WHAT THE EXERCISE ASKS
The expected output is an exact copy of each line from the line with "Petals on wet bark" through the end of the data below, with no pictures in it.

DATA SEGMENT
- - - - - - -
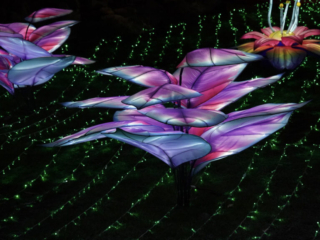 China Lights im K&ouml;lner Zoo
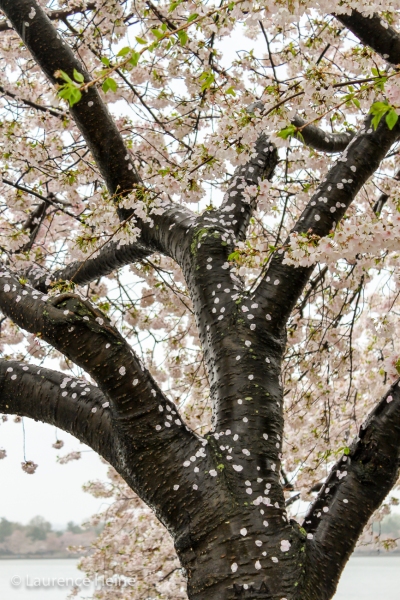 Petals on wet bark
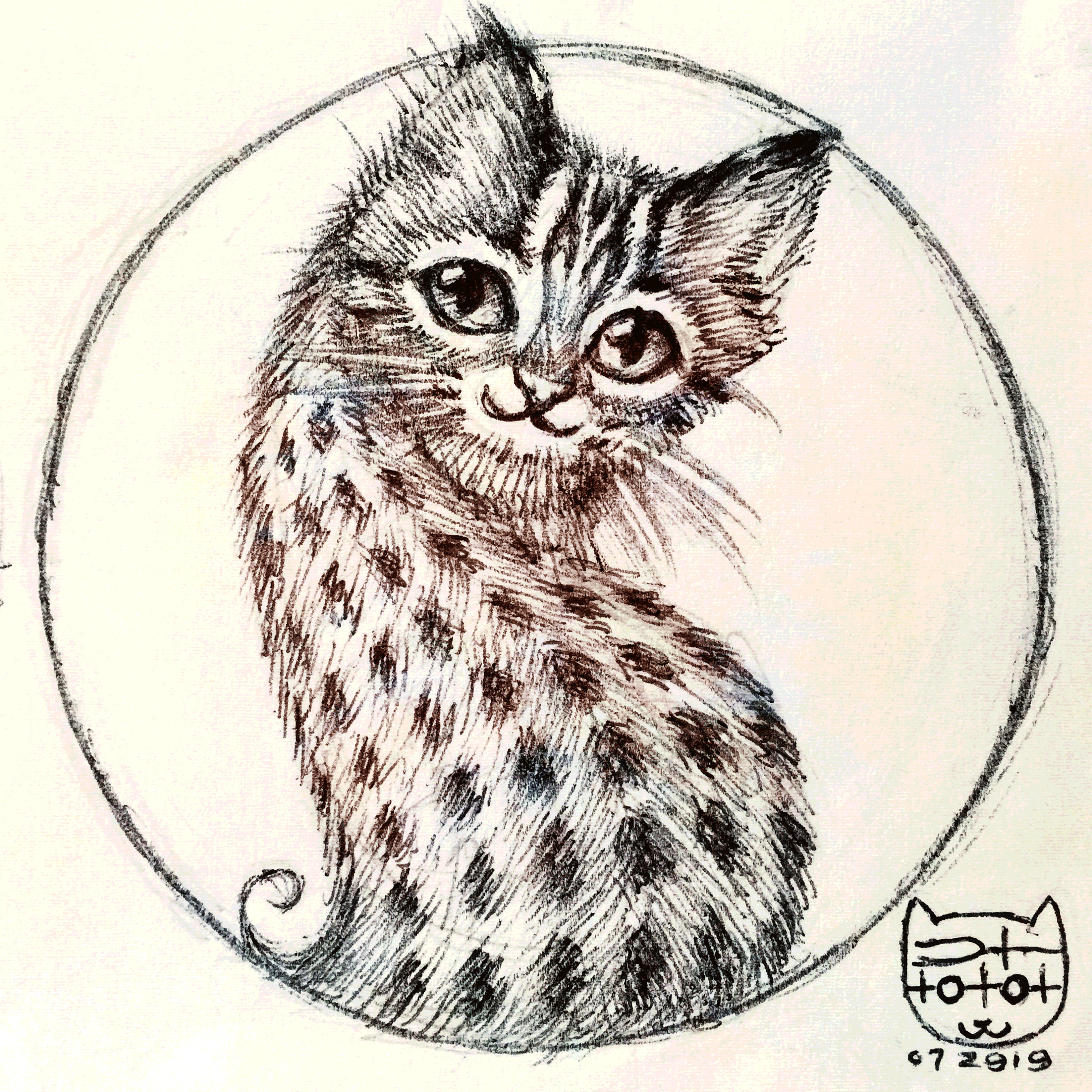 Leopard Cat - Sketch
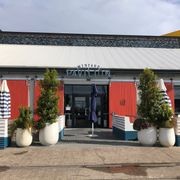 Outdoor Plant Hire | Hire Plants gallery detail image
- - - - - - -
SOLVED EXERCISE
 Petals on wet bark
 Leopard Cat - Sketch
 Outdoor Plant Hire | Hire Plants gallery detail image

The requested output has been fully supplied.